* _What you have to do_
Only lines with the string "Vintage" should be returned from the data below.

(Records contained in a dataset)

---*---

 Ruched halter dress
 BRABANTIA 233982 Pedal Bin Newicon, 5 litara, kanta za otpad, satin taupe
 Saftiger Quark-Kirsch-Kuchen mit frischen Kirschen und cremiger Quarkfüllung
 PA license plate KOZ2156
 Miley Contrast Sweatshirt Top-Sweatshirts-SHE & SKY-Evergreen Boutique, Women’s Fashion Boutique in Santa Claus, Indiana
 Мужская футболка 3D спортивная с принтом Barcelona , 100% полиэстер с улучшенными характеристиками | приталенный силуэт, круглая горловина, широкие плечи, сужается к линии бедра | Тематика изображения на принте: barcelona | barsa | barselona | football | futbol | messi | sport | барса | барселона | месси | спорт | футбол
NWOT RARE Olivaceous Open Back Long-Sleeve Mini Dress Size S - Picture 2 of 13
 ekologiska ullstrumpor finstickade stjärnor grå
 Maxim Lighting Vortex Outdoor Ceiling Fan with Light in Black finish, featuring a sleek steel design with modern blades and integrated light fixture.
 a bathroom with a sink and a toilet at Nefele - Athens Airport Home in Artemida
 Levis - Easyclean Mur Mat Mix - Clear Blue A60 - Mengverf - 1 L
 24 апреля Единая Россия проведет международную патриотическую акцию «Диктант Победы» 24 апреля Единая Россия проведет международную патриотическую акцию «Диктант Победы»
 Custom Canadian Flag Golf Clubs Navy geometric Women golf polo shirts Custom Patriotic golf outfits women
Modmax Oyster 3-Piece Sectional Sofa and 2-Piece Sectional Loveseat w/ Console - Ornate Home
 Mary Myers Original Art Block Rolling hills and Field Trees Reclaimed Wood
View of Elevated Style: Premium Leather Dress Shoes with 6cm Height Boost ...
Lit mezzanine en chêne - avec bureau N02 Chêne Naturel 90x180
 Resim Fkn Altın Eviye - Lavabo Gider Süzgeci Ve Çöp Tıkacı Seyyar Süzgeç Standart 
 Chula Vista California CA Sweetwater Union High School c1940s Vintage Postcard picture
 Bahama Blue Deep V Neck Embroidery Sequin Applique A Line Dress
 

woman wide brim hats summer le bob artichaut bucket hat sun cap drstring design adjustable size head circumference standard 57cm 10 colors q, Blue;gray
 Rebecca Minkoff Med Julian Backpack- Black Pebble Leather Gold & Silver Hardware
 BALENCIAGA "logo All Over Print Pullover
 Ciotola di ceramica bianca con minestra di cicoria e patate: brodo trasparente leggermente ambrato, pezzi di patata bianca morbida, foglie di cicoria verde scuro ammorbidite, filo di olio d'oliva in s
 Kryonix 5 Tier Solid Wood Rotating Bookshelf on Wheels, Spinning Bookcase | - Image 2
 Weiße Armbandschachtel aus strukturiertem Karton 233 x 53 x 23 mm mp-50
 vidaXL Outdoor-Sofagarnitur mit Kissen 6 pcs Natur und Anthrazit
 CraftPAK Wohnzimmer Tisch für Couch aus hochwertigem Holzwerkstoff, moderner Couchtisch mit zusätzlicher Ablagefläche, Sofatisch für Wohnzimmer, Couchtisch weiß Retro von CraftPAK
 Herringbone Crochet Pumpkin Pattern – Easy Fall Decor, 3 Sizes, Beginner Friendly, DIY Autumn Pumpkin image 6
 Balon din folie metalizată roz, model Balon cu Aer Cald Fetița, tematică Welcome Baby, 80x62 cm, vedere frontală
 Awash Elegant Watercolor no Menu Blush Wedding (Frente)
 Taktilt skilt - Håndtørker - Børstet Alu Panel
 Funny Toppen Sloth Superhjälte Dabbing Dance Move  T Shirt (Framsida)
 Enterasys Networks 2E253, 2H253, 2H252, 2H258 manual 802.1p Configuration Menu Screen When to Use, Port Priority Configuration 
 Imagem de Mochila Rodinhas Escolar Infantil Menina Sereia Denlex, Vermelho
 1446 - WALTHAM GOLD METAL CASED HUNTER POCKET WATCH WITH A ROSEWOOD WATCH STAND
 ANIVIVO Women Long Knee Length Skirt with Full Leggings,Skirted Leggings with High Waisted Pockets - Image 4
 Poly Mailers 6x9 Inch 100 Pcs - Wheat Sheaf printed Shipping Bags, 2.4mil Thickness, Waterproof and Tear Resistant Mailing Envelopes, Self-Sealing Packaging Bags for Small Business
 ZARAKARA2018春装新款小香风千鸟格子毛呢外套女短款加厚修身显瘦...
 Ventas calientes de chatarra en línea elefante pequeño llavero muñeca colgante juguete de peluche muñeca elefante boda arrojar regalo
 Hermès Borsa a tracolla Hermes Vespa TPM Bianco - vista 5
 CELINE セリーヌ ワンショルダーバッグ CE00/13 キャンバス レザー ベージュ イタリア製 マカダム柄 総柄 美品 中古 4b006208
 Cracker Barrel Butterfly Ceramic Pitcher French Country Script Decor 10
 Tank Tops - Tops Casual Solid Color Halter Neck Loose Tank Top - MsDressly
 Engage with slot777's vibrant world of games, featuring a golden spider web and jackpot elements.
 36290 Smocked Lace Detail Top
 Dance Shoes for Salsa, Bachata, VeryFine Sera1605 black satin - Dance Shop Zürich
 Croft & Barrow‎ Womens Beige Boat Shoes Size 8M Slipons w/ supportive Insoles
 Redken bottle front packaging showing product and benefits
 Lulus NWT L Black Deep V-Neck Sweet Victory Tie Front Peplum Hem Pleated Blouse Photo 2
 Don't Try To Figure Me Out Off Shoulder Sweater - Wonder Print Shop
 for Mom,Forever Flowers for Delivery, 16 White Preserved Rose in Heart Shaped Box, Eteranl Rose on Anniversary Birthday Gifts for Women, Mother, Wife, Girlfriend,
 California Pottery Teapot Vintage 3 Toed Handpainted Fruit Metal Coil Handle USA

---*---

* _Result_
 Chula Vista California CA Sweetwater Union High School c1940s Vintage Postcard picture
 California Pottery Teapot Vintage 3 Toed Handpainted Fruit Metal Coil Handle USA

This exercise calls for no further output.